Fa uno strano effetto ascoltare quello che a tutti gli effetti potrebbe essere l’ultimo – nel senso, ahinoi, di definitivo – album di Franco Battiato, Torneremo ancora.
15 brani, di cui 14 registrati dal vivo con la sontuosa Royal Philharmonic Orchestra e uno, quello che dà il titolo all’album, inciso in studio (poco più di una demo, sia pure orchestrata e arrangiata a posteriori).
Un effetto strano, dicevo, perché non si può ascoltare il disco senza ignorare il periodo difficile che sta vivendo Battiato: si è colti da un senso di malinconia a tratti struggente, nel risentire la voce, già a tratti esitante e affaticata del grande musicista.

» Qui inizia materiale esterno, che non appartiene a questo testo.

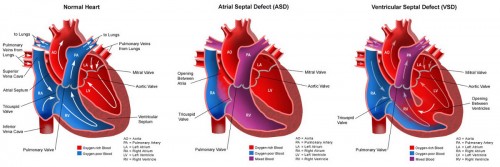 Congenital Heart Disease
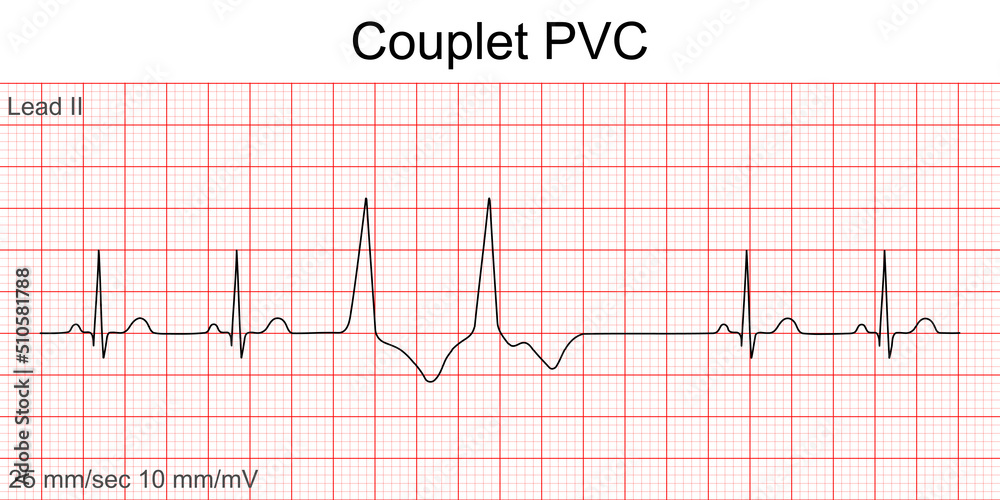 Image vectorielle Stock Electrocardiogram show Couplet Premature ...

Né è di conforto la visione del clip promozionale diffuso in occasione dell’uscita del disco, che mostra l’artista stanco e provato, quasi smarrito. L’intento forse era quello di mostrarlo al lavoro con la sua amatissima musica, ma le immagini, quasi impudiche, al contrario finiscono per rattristare e turbare lo spettatore.

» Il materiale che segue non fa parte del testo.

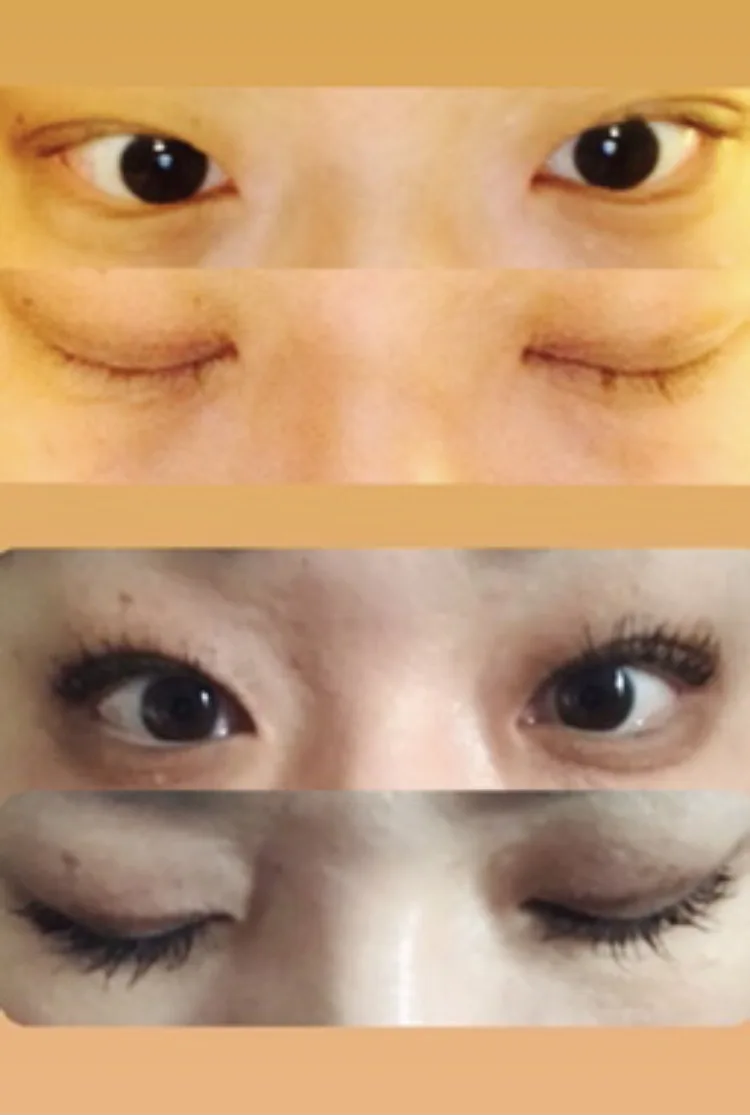 RapidLash Eyelash Enhancing Serum - review image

Mi è tornato in mente il video, per certi versi analogo, di Headlong, brano dei Queen tratto dall’album Innuendo, che mostra un Freddie Mercury smagrito recitare la consueta parte della rockstar sfrontata e impetuosa. Quando vidi l’immagine di Freddie in studio di registrazione ricordo che ne rimasi molto turbato: mi sembrò di cogliere i segni della malattia su quei lineamenti resi quasi iconici da tanti videoclip di successo. E ancora la notizia della malattia non era trapelata.
Nonostante ciò, alla fine Torneremo ancora risulta un buon lavoro, quasi spiazzante nella sua paradossalmente scarna solennità. E se anche dovesse scrivere la parola fine alla vasta discografia del Maestro, posso affermare senza problemi che non sfigura affatto accanto agli altri lavori pubblicati in precedenza.
E chissà che non torni ancora anche lui, Franco Battiato: vulcanico, poliedrico e provocatorio come l’abbiamo sempre conosciuto e apprezzato.